Dealing with an intestacy is complex, as the Administrators have to identify what living relatives there are and go through the order of priority of those living relatives. I once had a colleague who dealt with a very complex intestacy where there were around 200 beneficiaries and in the end the Administrator paid a tracing company to find them. That tracing exercise cost around £16,000, so the message would be – MAKE A WILL and save those that are left behind a lot of hassle and sometimes a huge amount of money.
I have undertaken a number of smaller traces and they can easily run into hundreds of pounds, which when making Wills I always advise my clients is hundreds of pounds that goes to some unknown tracing agent and not to friends and family. Of the traces that I have undertaken they have been around £800-1,000.

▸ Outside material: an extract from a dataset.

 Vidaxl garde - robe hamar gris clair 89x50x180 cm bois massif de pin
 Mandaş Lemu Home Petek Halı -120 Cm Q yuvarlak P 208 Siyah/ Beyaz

The first point is to work out if the deceased was married if the estate is worth more than £250,000. There are lots of places on the internet to find out the rules of intestacy and see who would benefit, so I won’t go into them here. Once you have checked out the rules of intestacy and worked out who should benefit from the estate, it is then a process of identifying them. This can be done with ID such as passport or driving licence, but the Administrators need to trace the ancestry, so to speak, so birth certificate will have parents on, if there have been marriages and divorces, then the marriage certificate and degree absolute will trace the name changes of the beneficiary, as well as any change of name deeds.
Overall the Administrator needs to be confident that they have correctly identified the beneficiary under the rules of intestacy. There is no clear rule about what forms of ID will suffice; it is about the Administrator being confident that they have correctly identified the right person to receive the gift.